A's Ticket Refund Policy Should Be Announced Soon
With the first full month of what should have been the 2020 Major League Baseball season winding down without a game having been played, it’s been obvious for a while now that a full 162-game season won’t be played.
Baseball is acknowledging that. MLB’s front office, which had been telling teams to inform fans to hold on to their tickets, held a conference call in which teams were given clearance to talk about refunds for 400-plus big-league games that have not been played.
To this point, MLB had been treating those games as postponed. Refunds are primarily offered only after games are canceled.
The Los Angeles Times said that the new move came a week after MLB, all 30 of its teams and four ticket brokers were named as defendants in a lawsuit brought in California over the sports’ failure to refund tickets.
Oakland A’s ticket holders will earn as early as tomorrow how they’ll able to get refunds or exchanges on tickets purchased. The A’s have had 17 home games scheduled and postponed through Tuesday. The San Francisco Chronicle reported last week that some fans who had bought tickets and A’s Access plans have gotten partial refunds already and were not billed for April.
Baseball Commissioner Rob Manfred has been saying with an increasingly loud voice that baseball will be played this season, but to this point there are no indication when the sport might get going, although it seems increasingly unlikely any regular season games would be played before June.
That’s because the sport would need at least three weeks of a second spring training after getting the go-ahead from medical experts, and there is no indication that anyone is ready to sign off on that in the near future.
There have been multiple suggestions as to how baseball could return. One would be to have all games played, at least at the beginning, in Arizona with players, staff and associated workers quarantined. There have been other versions of this plan, including using both Florida and Arizona and adding Texas to those first two states.

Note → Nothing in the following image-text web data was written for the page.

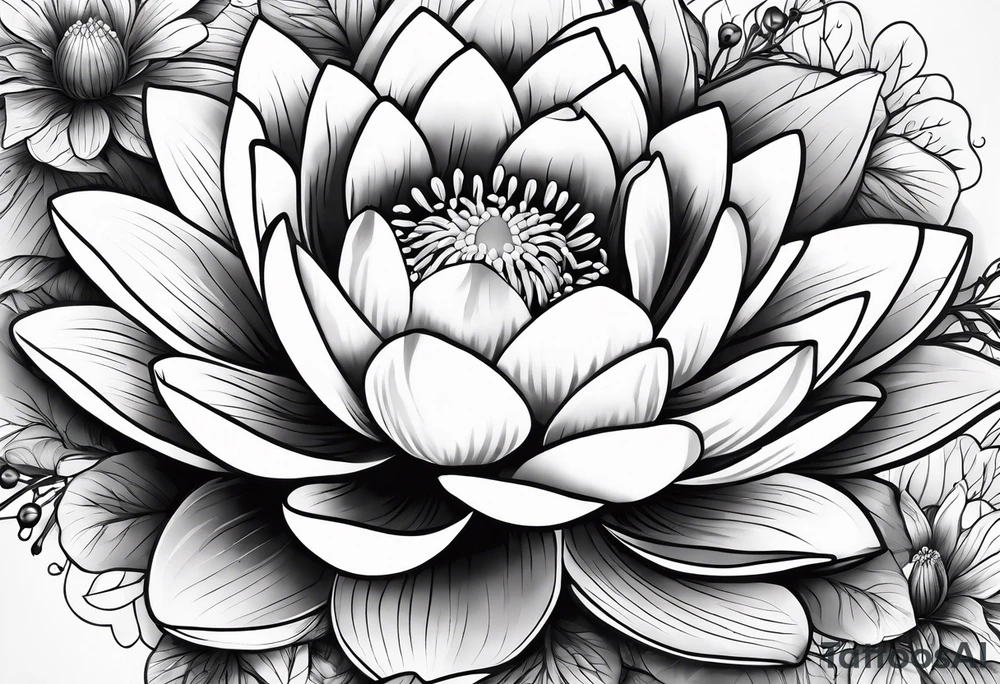 Water lily and holly berry birth flowers intertwined tattoo idea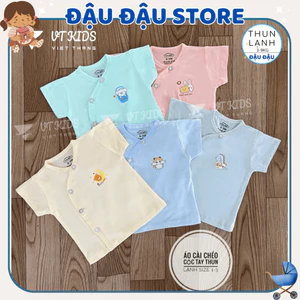 Set 5 Áo cộc tay sơ sinh chất thun lạnh vải màu VT in hoạ tiết cho bé sơ sinh 0 - 9 tháng [AL01] Đậu Đậu Store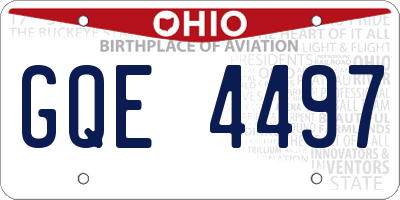 OH license plate GQE4497
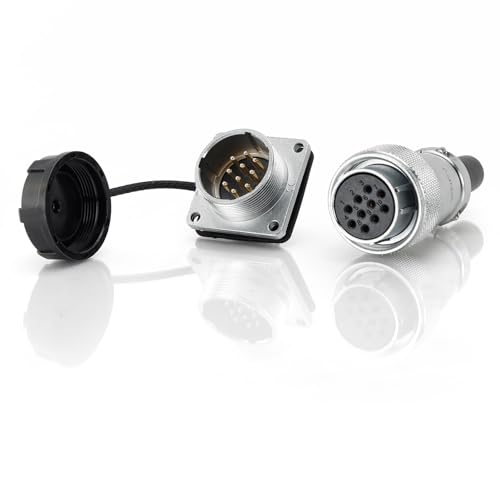 WS24 10-Pin Aviation Circular Connector, 10A 500V Waterproof Metal Threaded Panel Mount, Male & Female Plug Socket Receptacle, Industrial Automotive Electrical Power Connector - color: Female Plug and Male Socket, size: 10 Pin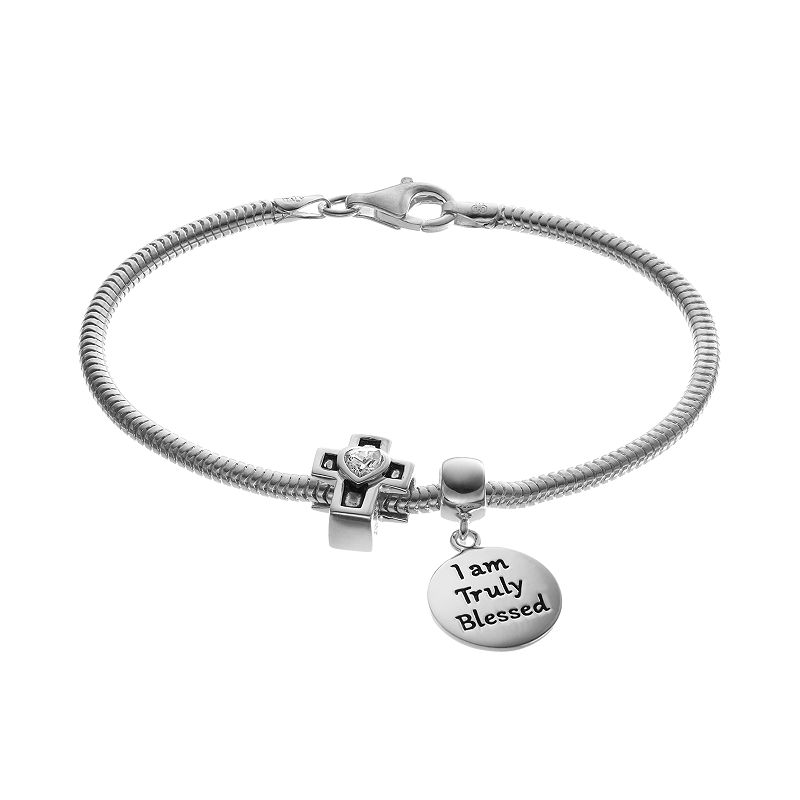 Individuality Beads Cubic Zirconia Sterling Silver Snake Chain Bracelet, 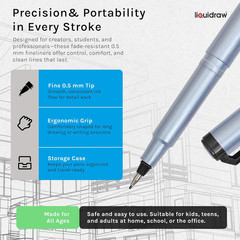 Liquidraw Black Fineliner Pens – 10 Set | Fine 0.5 Mm Tip | Easy Storage Wallet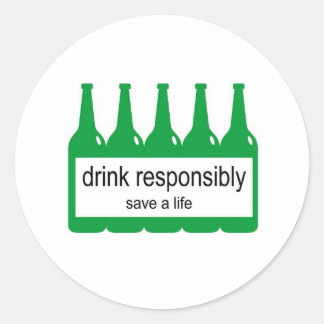 Sticker Rond Boire de manière responsable - Sauver une vie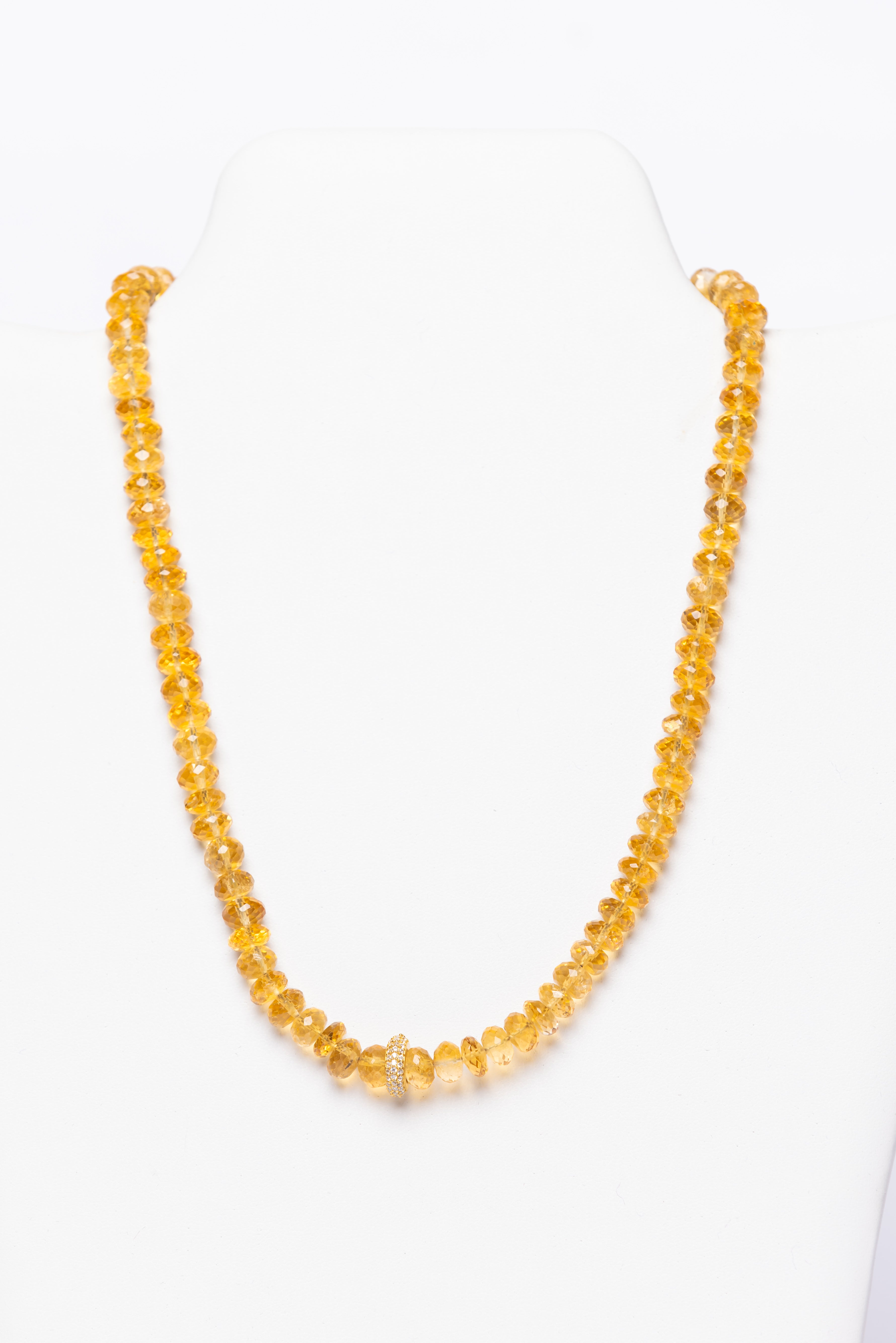 Citrine, White Topaz Necklace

Certainly at the beginning, plans call for the games to be played in empty stadiums, although Yankees’ president Randy Levine said late last week it wasn’t going to be practical to play an entire season, however short, without fans.
Major League players have agreed to have doubleheaders added to a potential schedule as well as to having fewer days off. A season that started in June might see teams play somewhere in the area of 100, more if the season’s end was pushed deep into October. The original schedule called for the regular season to start on March 26 and to end on Sept. 27.